Beaux Atkins picked up a guitar and began playing for friends a few short years ago. With a big soulful southern voice and an equally big charismatic personality, he has worked hard at winning fans until he now is able to earn his living playing music and singing across the Deep South. He has shared the stage with the likes of Blackberry Smoke, The Benjy Davis Project, Frank Foster, Cody Canada and the Departed, The Eli Young Band, Corey Smith, and more.
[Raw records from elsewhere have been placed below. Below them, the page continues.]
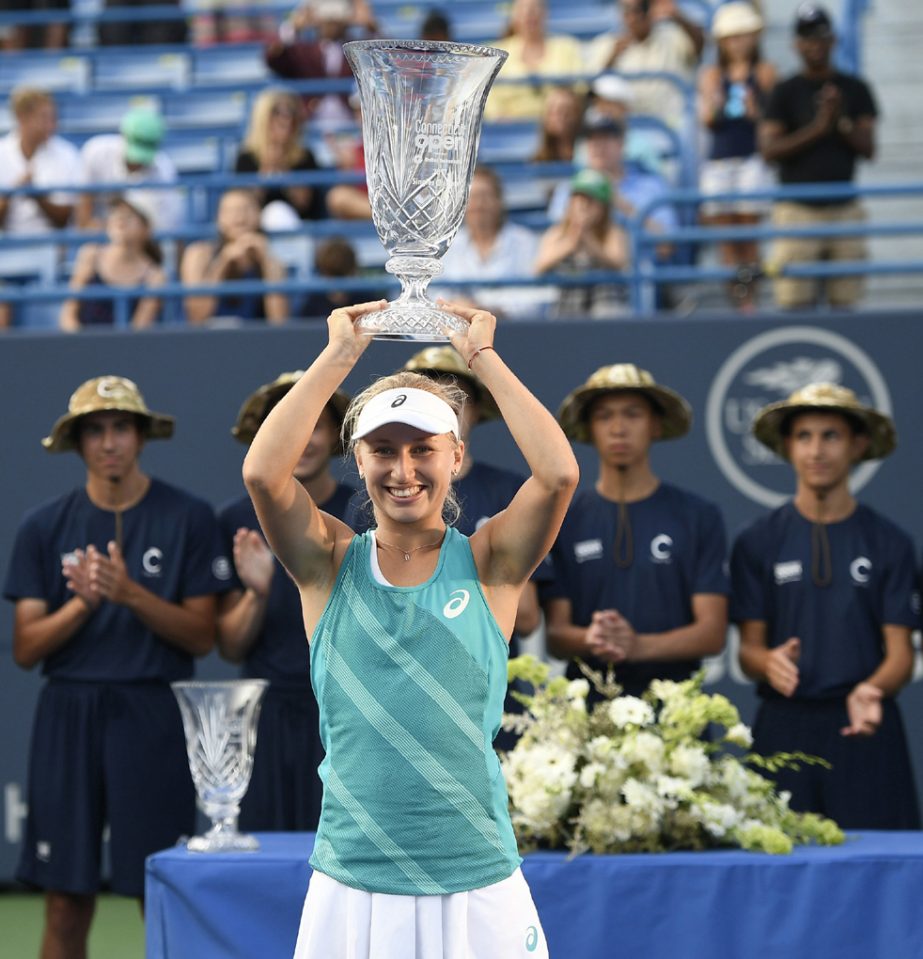 Daria Gavrilova of Australia holds the trophy after her 4-6, 6-3, 6-4 victory over Dominika Cibulkova of Slovakia in the final of the Connecticut Open tennis tournament in New Haven, Conn. on Saturday.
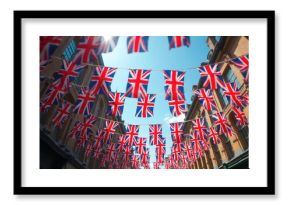 British Union Jack flag garlands decorate London street. UK national colors for celebration, holiday. British flag banners in sky. Royal festival mood.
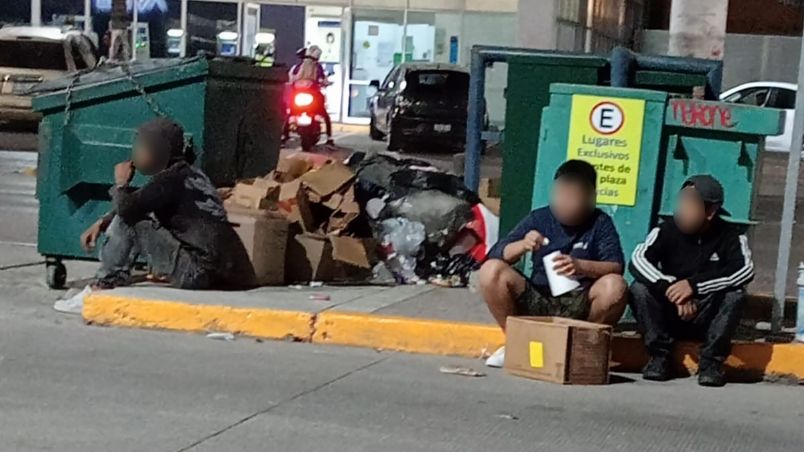 Unas pocas personas siguen esperando por restos de pizza afuera de Little Ceasars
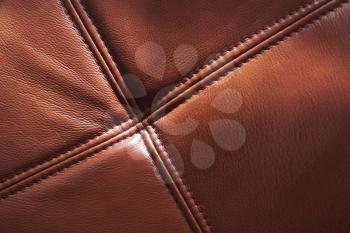 Brown genuine leather with seams, background texture, close up photo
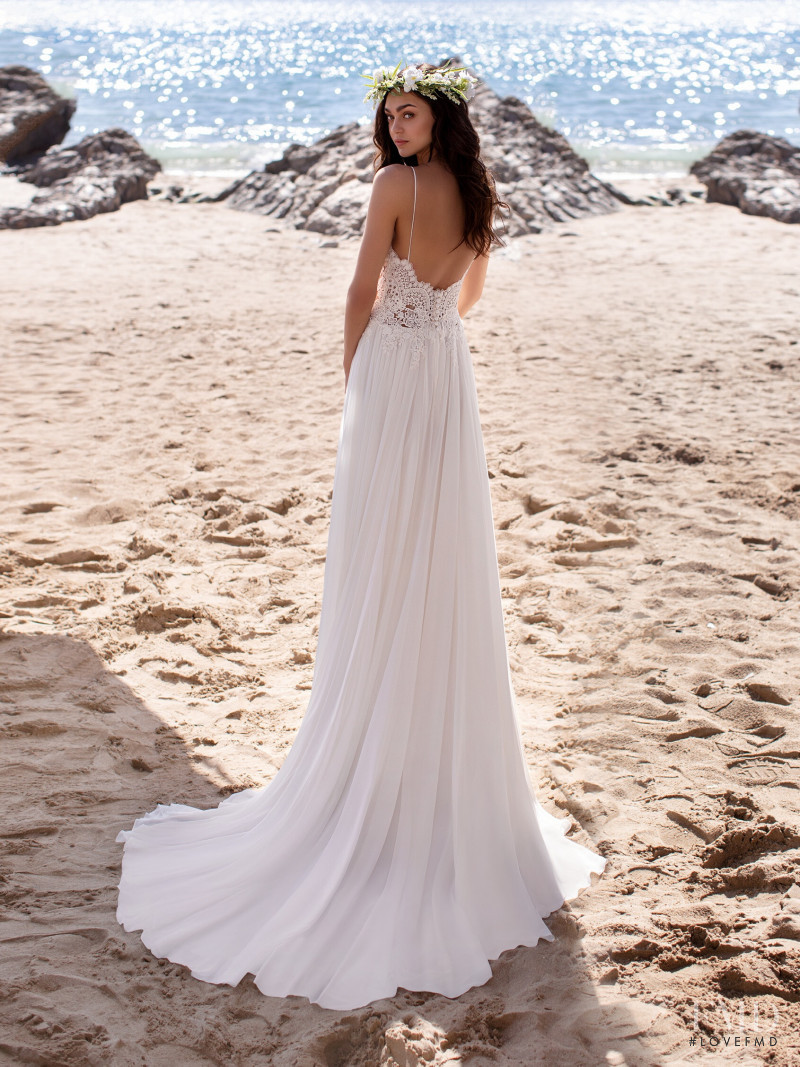 Zhenya Katava featured in  the Pronovias catalogue for Summer 2019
The natural progression to accompany this gigging success was to make an album that showcases the talent and hard work he lays out to his fans every night.
In August 2015, Beaux turned to Louisiana singer/songwriter/producer Monty Russell to help him make that album at Studio on the Ridge in Peagram TN, just west of Nashville, a funky little studio affectionately nicknamed “hippie holler.” Russell enlisted James Cook (Luke Bryan, The Levees) to engineer, mix, and play bass alongside some of Nashville’s finest picker: Derek Mixon on Drums (Chris Stapleton, The Levees, Sam Lewis, Kenny Vaughn), Ed Smoak on guitars (Eric Church, Angelina Presley), Kevin Adams on Keys (Joe Diffie, Patty Loveless), and bluesman David Paul “P Mo” Moore (Blues Old Stand) on harmonica.
On vocals he is joined by gospel greats The McCrary Sisters on the title track, and by Indie singer-songwriter Bethany Raybourn, Shreveport media and vocal star Linnea Fayard Allen, and Cook and Russell.
With contributions from Louisiana songwriters Russell, Cook, Chris Canterbury, Wade Reeves, General Keith Patterson, Adam J. Jones, Derek Mixon, and Moore supplementing his writing talents, Atkins lays out Southern Rock anthems and soulful blues that detail the hard road a musician chooses to travel and the people he meets along the way, croons soulful songs about love lost and soulmates gained, and sings and shouts praises of sin and redemption.
Shout Hallelujah, the title track, is one such rousing honky tonk gospel track, laying out the sins of riverboat gamblers, honky tonk drifters, and out of control train engineers who find Jesus in the nick of time. Beau Atkins says the title takes special meaning because for him the album comes in the nick of time to help him move even further on his musical journey, and for that he shouts “hallelujah.”